Results show the DBMM approach obtained better classification performance compared to other state-of-the-art methods presented in the ranked table in Ref. . The overall results were precision: 94.83%; recall: 94.74% and accuracy: 94.74%. Figure 8 presents the classification performance (i.e. precision and recall) for the ‘new person’ tested in each scenario. For comparison purposes, Table 1 summarizes the results in terms of accuracy of state-of-the-art single classifiers and a simple averaged ensemble compared with the proposed DBMM for the bedroom (scenario with more misclassification), showing that our approach outperforms other classifiers. The classification performance in terms of overall accuracy, precision and recall has shown that our proposed framework outperforms state-of-the-art methods that use the same datasets .
In this section, we have shown the DBMM [8, 18] performance using an offline dataset. Additionally, further tests using a mobile platform with an RGB-D sensor on-board running on-the-fly in an assisted living context was also successfully validated with accuracy above 90%, as reported in Ref. . More details about the DBMM using a mobile robot for activity recognition and a video showing the classification performance can be found in Ref. .
In this chapter, the authors have presented a DBN formulation for classification of time-dependent problems together with experimental results on applications of two mobile robots. The first one regarding the semantic place classification and the second one based on activity classification. In both formulations, the DBN was used as basis to compose the DBMM [6, 8, 18], a more complex structure used to handle more complex scenarios. In both applications, the DBMM has shown to be a powerful choice in modelling of time-dependent scenarios.
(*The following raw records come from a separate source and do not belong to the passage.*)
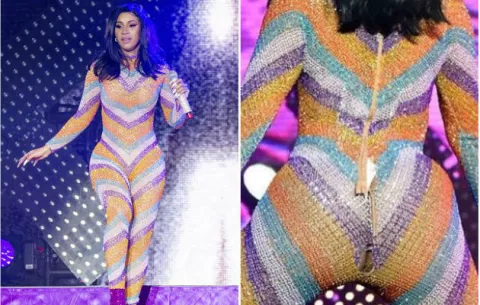 Se le rompe vestuario a Cardi B en pleno escenario 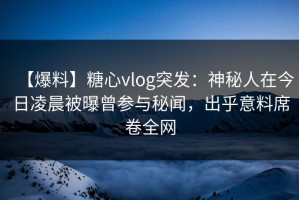 【爆料】糖心vlog突发：神秘人在今日凌晨被曝曾参与秘闻，出乎意料席卷全网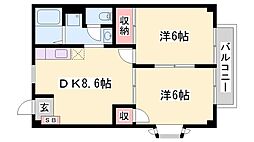エスポワール御立B棟 2DKの間取図画像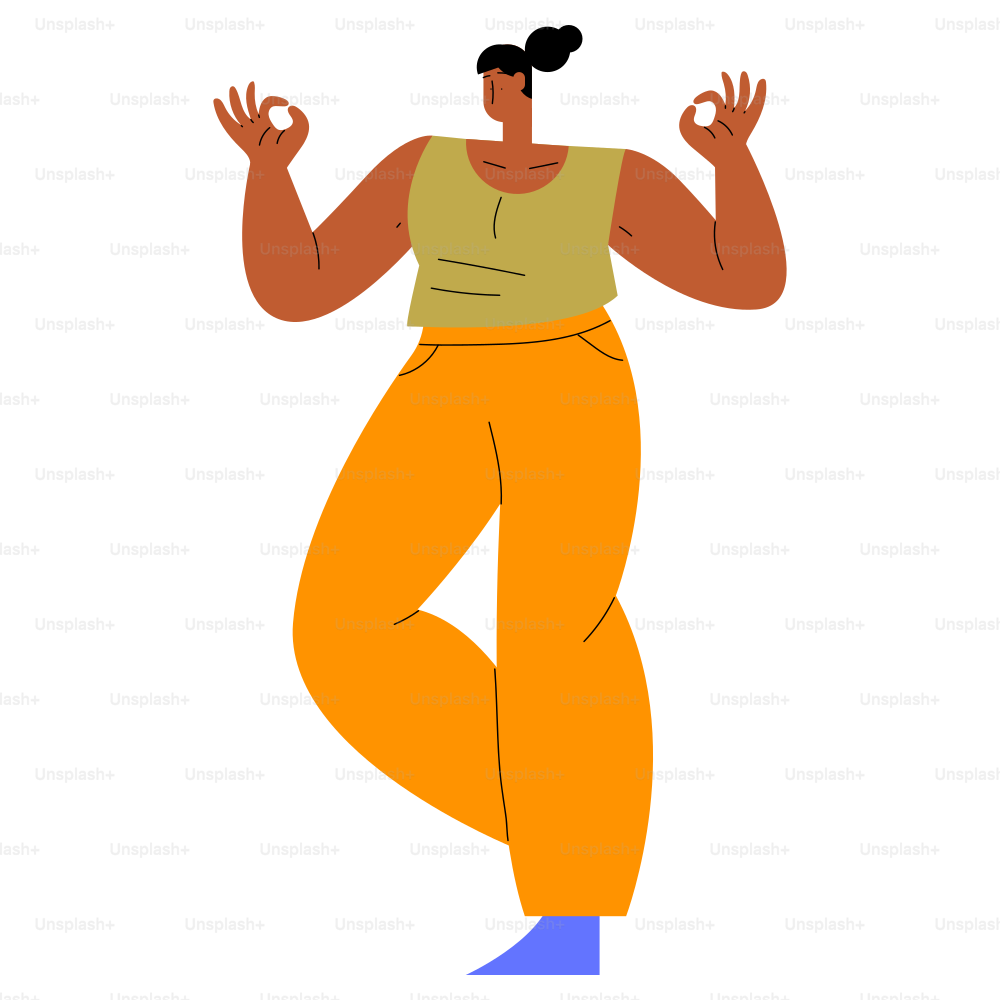 Woman is meditating and balancing on one leg.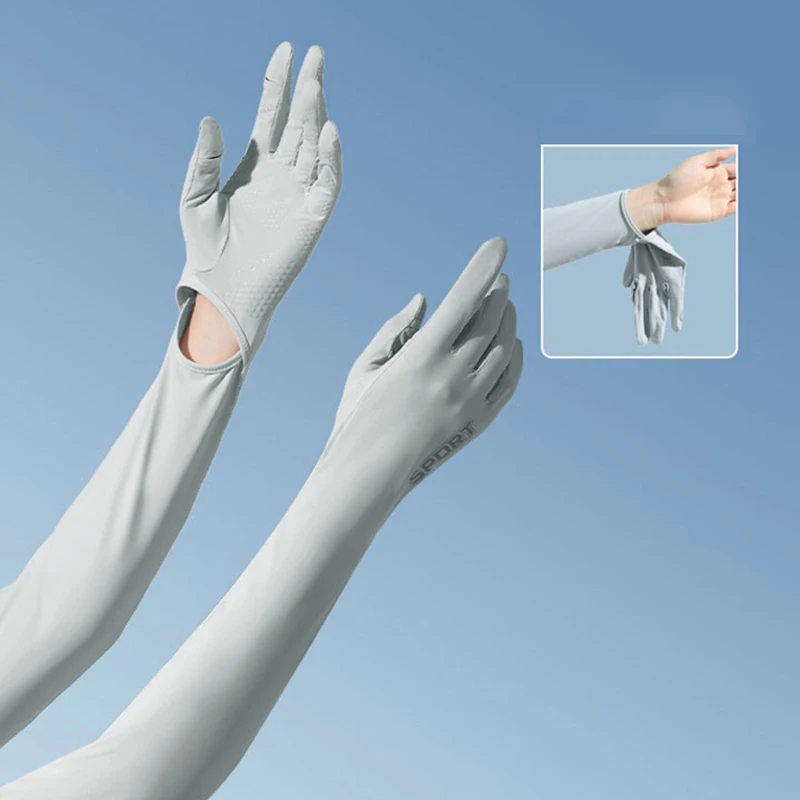 

Летние солнцезащитные перчатки для женщин S устойчивые к ультрафиолетовому излучению ледяные шелковые Нескользящие рукава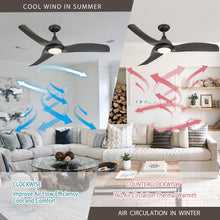 Carregar imagem no visualizador da galeria, 52&quot; Industrial DC Motor Downrod Mount Reversible Ceiling Fan with LED Lighting and Remote Control
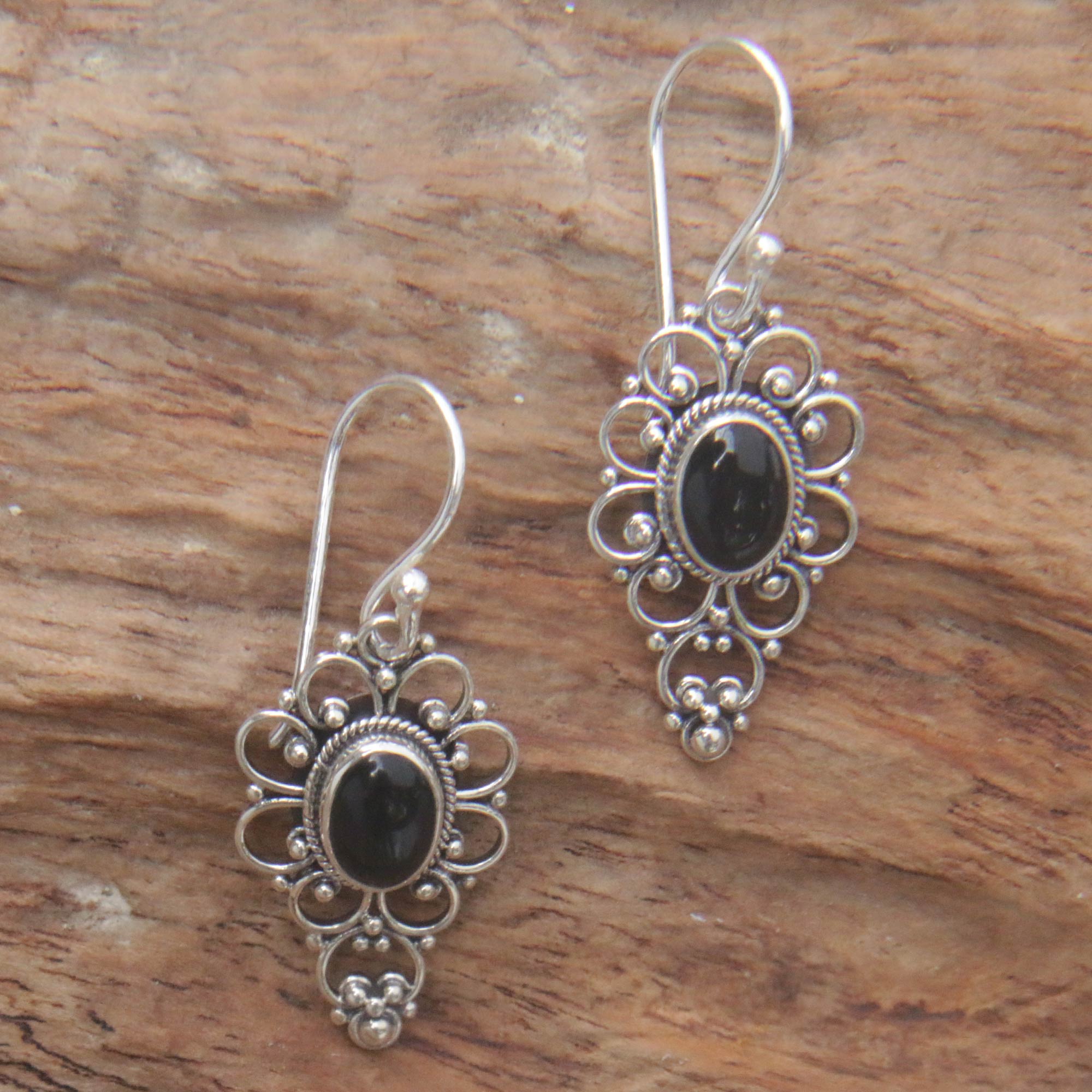 Premium Night Onyx Dangle Earrings - Handcrafted Elegance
When it comes to semantic place classification, the model could detect classes’ transitions during the robot navigation, thanks to the different time slices (i.e. higher than 2) and the additive smoothing used in the model. In the case of activity recognition, since the activities in the dataset do not have classes’ transitions, i.e. only one activity is performed during a task, in this case, a simple version of the DBMM using only one time slice is enough to correct classify all activities. For real-time applications using a mobile robot and in accordance with experimental results reported in Ref. , it is suggested to use more than two time slices in the mode.